Versions of History

Historians play a significant role in describing the thin veneer of civilization under which we live, in that their stories of our past colour the perception of our present and shape the direction of our future.  But the history of which they write—that is, the actual unfolding of events—comes to us in three broad forms: 1) the unvarnished facts, the scarcest type; 2) the more palatable account-of-record, the most frequent type; and 3) the revisionist version, the most recent and pernicious type.

Take this example of the first type, the actual events.  A young boy, often bullied at school, brings his new yo-yo to the schoolyard.  While showing it off proudly to his friends, he is accosted by a bigger boy who takes the yo-yo, dazzles the assembled kids with a flourish of tricks, then claims it for his own.  To forestall any backlash, the bigger boy gives the smaller boy his old yo-yo, along with a threat that he will be beaten if he complains.  The smaller boy, unhappily accepting his lot, would likely write the history of events like this.

The second type, a more palatable account if the bigger boy writes the story, might read like this.  A young boy, often bullied at school, brings a new yo-yo to the schoolyard as a gift for the bigger boy who, he hopes, will protect him from his tormentors in exchange for the gift.  The bigger boy graciously accepts the new yo-yo, agrees to defend the smaller boy, and in a spirit of generosity, presents him with his old yo-yo.  The smaller boy gratefully accepts his lot.

Both these versions take on added import if I mention that the smaller lad is an Indigenous boy from the rez, or a Black boy from the wrong side of the tracks, while the bigger boy is the scion of an influential White family from the better part of town.

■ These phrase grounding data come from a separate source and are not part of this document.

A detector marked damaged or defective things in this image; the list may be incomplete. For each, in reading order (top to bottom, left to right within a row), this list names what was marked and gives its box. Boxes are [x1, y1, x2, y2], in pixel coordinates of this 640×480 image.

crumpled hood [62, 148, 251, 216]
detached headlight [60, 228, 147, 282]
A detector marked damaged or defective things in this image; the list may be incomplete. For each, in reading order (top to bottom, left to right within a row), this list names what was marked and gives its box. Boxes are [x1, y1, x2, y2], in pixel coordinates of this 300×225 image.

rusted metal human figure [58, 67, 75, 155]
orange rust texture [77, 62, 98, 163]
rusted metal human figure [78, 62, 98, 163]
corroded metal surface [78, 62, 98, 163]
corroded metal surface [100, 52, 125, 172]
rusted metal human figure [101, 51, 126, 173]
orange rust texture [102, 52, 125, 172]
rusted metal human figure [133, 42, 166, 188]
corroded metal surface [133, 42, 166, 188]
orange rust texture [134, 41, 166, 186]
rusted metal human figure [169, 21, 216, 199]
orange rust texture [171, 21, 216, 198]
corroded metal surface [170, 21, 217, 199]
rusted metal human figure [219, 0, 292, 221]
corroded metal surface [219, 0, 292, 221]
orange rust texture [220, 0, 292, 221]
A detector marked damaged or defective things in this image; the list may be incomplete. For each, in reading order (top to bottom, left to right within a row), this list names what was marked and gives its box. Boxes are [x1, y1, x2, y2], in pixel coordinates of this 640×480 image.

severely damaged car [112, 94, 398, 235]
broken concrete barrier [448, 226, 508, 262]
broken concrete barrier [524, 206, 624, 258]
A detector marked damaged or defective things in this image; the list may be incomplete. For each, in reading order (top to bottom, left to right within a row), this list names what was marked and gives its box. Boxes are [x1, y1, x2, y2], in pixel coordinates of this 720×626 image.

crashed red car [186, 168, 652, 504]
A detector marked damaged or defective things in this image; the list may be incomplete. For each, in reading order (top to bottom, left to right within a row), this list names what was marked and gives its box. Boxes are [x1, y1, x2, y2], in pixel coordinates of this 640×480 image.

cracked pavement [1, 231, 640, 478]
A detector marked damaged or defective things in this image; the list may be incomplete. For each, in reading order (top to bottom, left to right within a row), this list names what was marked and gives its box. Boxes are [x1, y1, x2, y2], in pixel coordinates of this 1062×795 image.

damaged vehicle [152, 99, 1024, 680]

The third type of history-writing, the revisionist version, might present the incident like this.  A White boy who brings his new yo-yo to school to show it off to his friends notices an Indigenous boy, or perhaps a Black boy, eyeing the yo-yo enviously.  Being a compassionate soul, the bigger boy generously gives his old yo-yo to the smaller kid, who is overjoyed to accept it from his munificent benefactor.

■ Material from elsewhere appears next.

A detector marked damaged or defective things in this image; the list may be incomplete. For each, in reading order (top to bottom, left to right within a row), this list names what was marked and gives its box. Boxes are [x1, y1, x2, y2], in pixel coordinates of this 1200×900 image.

These made-up examples are just that, intended to illustrate the differences among the three versions of history we encounter.  But only the first example is a true account of what actually transpired.

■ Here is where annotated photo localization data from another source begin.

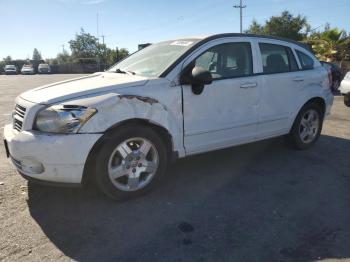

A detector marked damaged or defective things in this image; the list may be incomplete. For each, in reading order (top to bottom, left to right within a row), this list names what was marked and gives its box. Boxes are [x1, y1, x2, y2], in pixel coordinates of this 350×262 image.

crumpled front bumper [3, 124, 101, 184]
damaged white car [3, 34, 336, 199]
cracked asphalt [0, 74, 350, 262]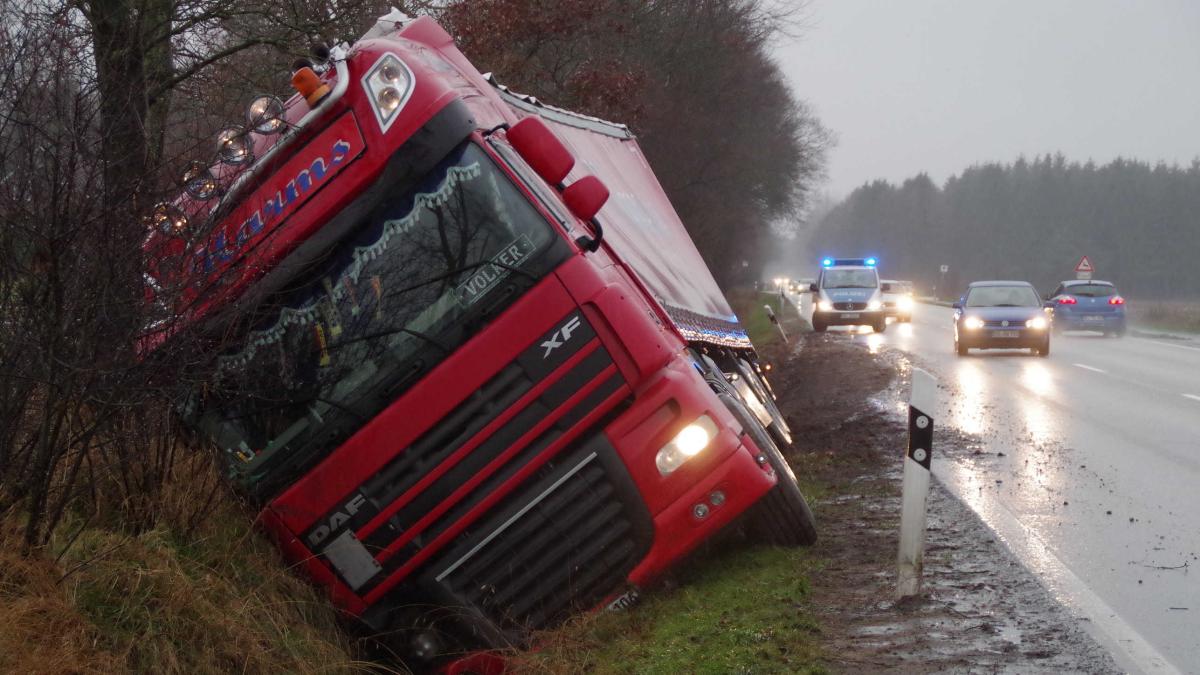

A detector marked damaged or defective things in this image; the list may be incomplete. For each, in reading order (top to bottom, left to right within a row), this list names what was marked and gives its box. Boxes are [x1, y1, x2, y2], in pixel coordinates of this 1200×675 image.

damaged road barrier [768, 308, 788, 346]
damaged road barrier [900, 368, 936, 600]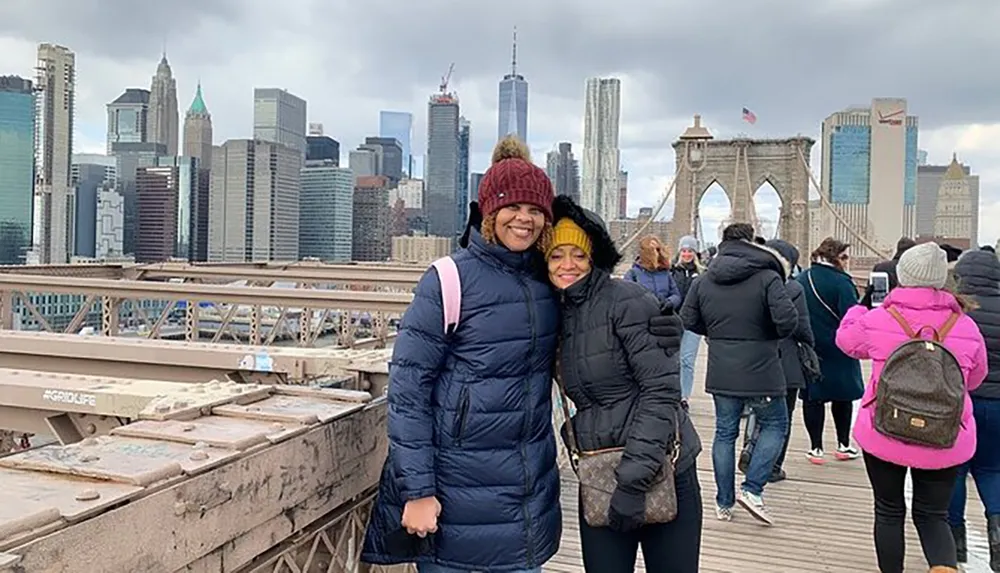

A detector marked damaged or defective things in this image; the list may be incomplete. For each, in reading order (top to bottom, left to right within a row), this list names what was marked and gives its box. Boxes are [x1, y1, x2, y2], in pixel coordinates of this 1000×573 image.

rusted steel beam [0, 274, 414, 312]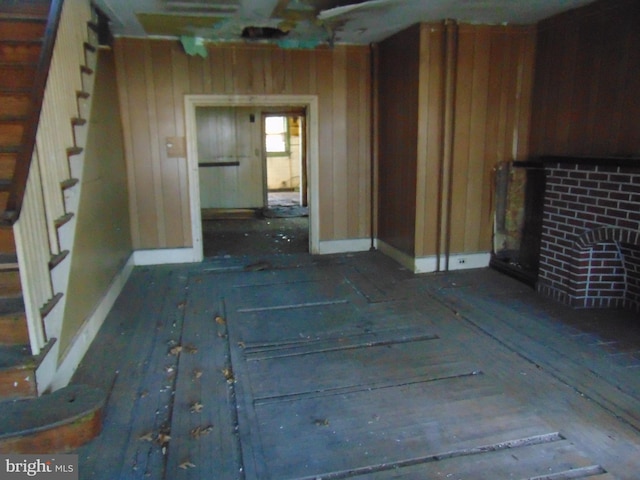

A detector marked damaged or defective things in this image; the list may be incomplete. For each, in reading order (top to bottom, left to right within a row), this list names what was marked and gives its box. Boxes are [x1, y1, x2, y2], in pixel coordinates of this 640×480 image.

I—like most of you, I suspect—grew up being taught the second type of history at school, the palatable account-of-record.  I learned, for instance, that Columbus discovered the Americas in 1492, and that great European nations such as England, France, and Spain undertook to spread the Christian gospel to the heathens who inhabited those vast, new lands.  I was taught that Christian evangelizers, in their zeal to spread their religion and culture, gathered Indigenous children in schools far from family and home to provide them an education.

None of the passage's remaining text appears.